Stability analysis of merge sort
Merge sort of stability, to look at the merge of our function, we set up the code for arr (temp1) < = arr [temp2], when two elements at the same time, the first in the arr (temp1) value to the collection, so the relative position of two same elements did not change, So merge sort is a stable sort algorithm.
| The algorithm name | Best time complexity | Worst time complexity | Average time complexity | Spatial complexity | Is stable |
|---|---|---|---|---|---|
| Merge sort | O(nlogn) | O(nlogn) | O(nlogn) | O(n) | stable |
We’re not done yet. Don’t go.
Iteration implement
Merge sort recursive implementation is more common, is also easier to understand, let’s take a look at merge sort iterative writing. Let’s see how he did it.
Let’s do a video on the idea of an iterative approach,
Is it through the video to understand the general, let’s analyze the video.
Iteratively implemented merge sort combines small sets into large sets with sizes of 1,2,4,8,….. . Iterate in sequence, as shown in the figure below
Let’s say I have a small set of size 1. The two small sets are [3] and [1] respectively. Then we merge [3] and [1] into a temporary array according to the rules of merge (see the first video), so small is better, so sort is achieved, and then copy the elements of the temporary array into the original array. A merge is implemented.
The merging continues below [4],[6]. The specific steps are the same.
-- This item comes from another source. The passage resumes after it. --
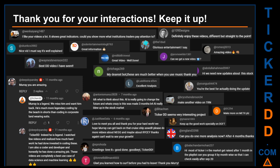Thank you for your interactions — keep going. Let us know in the comments what you think about this ticker and what your target price is. Here are some comments we have enjoyed reading: "Best DD video I have seen." "Definitely enjoy these videos — different but straight to the point." "Very nice video, I must say it is well explained." "Glorious entertainment." Thank you again for your feedback — please keep them coming.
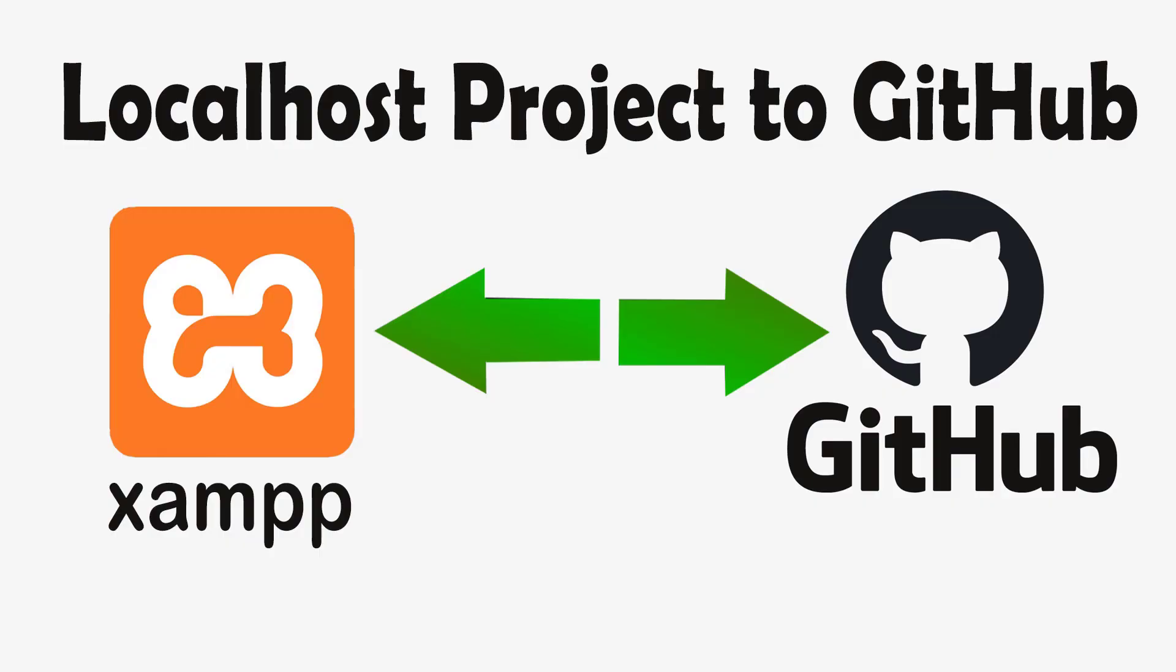In this tutorial, I am going to show you how to push your localhost projects to GitHub repository, update from localhost to GitHub, and also show you how to pull changes from GitHub repository to the localhost.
After all the small collections are merged, the size of the small collection becomes 2. Continue with the previous steps, as shown in the figure below.
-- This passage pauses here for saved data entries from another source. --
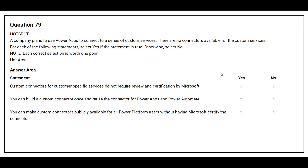Question number 79. A company plans to use Power Apps to connect to a series of custom services. There are no connectors available for the custom services. For each of the following statements, select yes if the statement is true, otherwise select no. First statement: custom connectors for customer-specific services do not require review and certification by Microsoft. The correct answer is yes. Second statement: you can build a custom connector once and reuse the connector for Power Apps and Power Automate. The correct answer is yes.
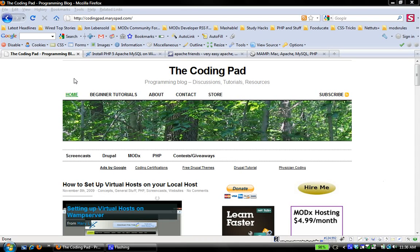Hey there and welcome to another screencast from The Coding Pad. My name is Mary and in today's screencast I intend to go way back to basics, all the way to the very basics of web development.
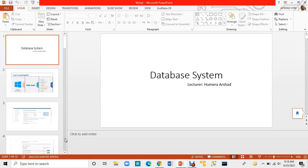Welcome to all my dear students. You know that our database system is in SQL and we need a platform for SQL. In my last tutorial and last video I covered MySQL installation and set all the steps in detail.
At this time, the size of the subset is 2, then is [2,5],[1,3] continue to merge into the temporary array according to the above rules to complete the sorting. This is how the iterative method works,
Let’s go straight to the code.
Note: Recursive and iterative merge functions have the same code.
class Solution {
public int[] sortArray (int[] nums) {
// represents subset size, 1,2,4,8,16.....
int k = 1;
int len = nums.length;
while (k < len) {
mergePass(nums,k,len);
k *= 2;
}
return nums;
}
public void mergePass (int[] array, int k, int len) {
int i;
for (i = 0; i < len-2*k; i += 2*k) {
/ / merge
merge(array,i,i+k-1,i+2*k-1);
}
// merge the last two sequences
if (i + k < len) {
merge(array,i,i+k-1,len-1); }}public void merge (int[] arr,int left, int mid, int right) {
// First, define a new temporary array
int[] temparr = new int[right -left + 1];
int temp1 = left, temp2 = mid + 1;
int index = 0;
// For the second step, compare the values pointed to by each pointer, and store the smaller values into the larger set
while (temp1 <= mid && temp2 <= right) {
if (arr[temp1] <= arr[temp2]) {
temparr[index++] = arr[temp1++];
} else{ temparr[index++] = arr[temp2++]; }}// For the third step, the remaining elements of a small set are stored in the large set
if (temp1 <= mid) System.arraycopy(arr, temp1, temparr, index, mid - temp1 + 1);
if (temp2 <= right) System.arraycopy(arr, temp2, temparr, index, right -temp2 + 1);
// Copy the elements of the large collection back to the original array
System.arraycopy(temparr,0,arr,0+left,right-left+1); }}Copy the codeIn addition, I will update you later on the topic that you can use the sorting algorithm to kill in seconds. If you need it now, you can go to my warehouse.
There are many other animation solutions in it, you are welcome to read.